For too long, we’ve failed to use the most important word when it comes to meeting our crisis: “jobs.”  Jobs.  Jobs.

So, folks, there’s no reason why Nigeria— Nigerians can’t lead the world in the production of electric vehicles and batteries.  I mean, there is no reason, we cannot lead in food security, sports, economy and more.  We have this capacity. (Applause.) We have the brightest, best-trained people in the world.

Now I know some of you at home are wondering whether these jobs are for you. So many of you — so many of the folks I grew up with feel left behind, forgotten in an economy that’s so rapidly changing. It’s frightening.

I want to speak directly to you. Because if you think about it, that’s what people are most worried about: “Can I fit in?”

We need to ensure greater equity and opportunity for women and men of our nation from all the corners of Nigeria.

So, let’s get to work. I wanted to lay out, before the assembly, my plan before we got into the deep discussions. I’d like to meet with those who have ideas that are different — they think are better. I welcome those ideas.

But the rest of the world is not waiting for us. I just want to be clear: From my perspective, doing nothing is not an option. (Applause.)

Look, we can’t be so busy competing with one another that we forget the competition that we have with the rest of the world to win the 21st century.

To win that competition for the future, in my view, we also need to make a once-in-a-generation investment in our families and our children. That’s why I’ve introduced the Nigerian Families Plan tonight, which addresses the biggest challenges facing Nigerian families and, in turn, Nigeria.

First is access to a good education, any country that out-educates us is going to outcompete us.

No one nation can deal with all the crises of our time — from terrorism, both domestic and otherwise, brain drain, cybersecurity, climate change and more.

My fellow Nigerians, look, we have to come together to heal the soul of this nation.

We’ve all seen the knee of injustice on the neck of ethnic nationalities. Now is our opportunity to make some real progress. My fellow Nigerians, we have to come together to rebuild trust, to root out systemic ethnicity in our criminal justice system, in our politics and to enact true federalism.

We’re not just changing the Constitution; we’re being reasonable and renegotiating Nigeria.

Can our Nigeria deliver on its promise that all of us, created equal in the image of God, have a chance to lead lives of dignity, respect, and possibility? Can our Nigeria deliver the most — to the most pressing needs of our people? Can our Nigeria overcome the lies, anger, hate, and fears that have pulled us apart?

We have to prove Nigeria still works — that our government still works and we can deliver for our people.

Our Constitution opens with the words — as trite as it sounds — “We the People”. Well, it’s time to remember that “We the People” are the government — you and I.

I have never been more confident or optimistic about Nigeria — not because I’m President. With light and hope, we summoned a new strength, a new resolve to position us to win, on our way to a union more perfect, more prosperous, and more just, as one people, one nation, and one Nigeria.

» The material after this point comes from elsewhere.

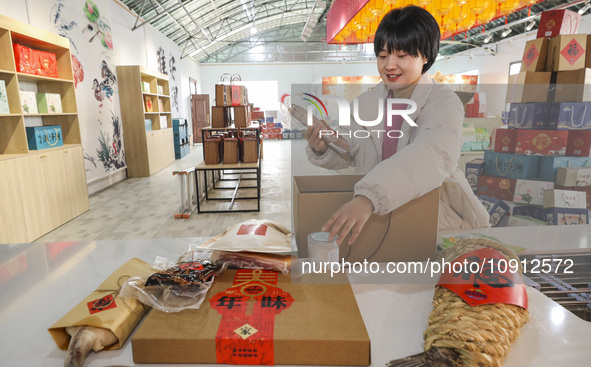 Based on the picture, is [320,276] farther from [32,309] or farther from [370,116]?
[32,309]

I woke up from my slumber, and the news is still the same, more Nigerians killed, maimed, abducted, communities and villages with terror flags hoisted here and there, the east, in trouble, the west in trouble, the north is losing out to all conspiracy theories, and realities.

Will Mr. President speak to the crisis in a strong manner that resonates reality and purpose, will the party whether ruling, or opposition get it right for the sake of Nigerians, will our armed forces stand and be counted, is betting on Nigeria a good bet?

We are not the United States of Nigeria. There is not a single thing—nothing—nothing that inspires these days, for how long—Only time will tell.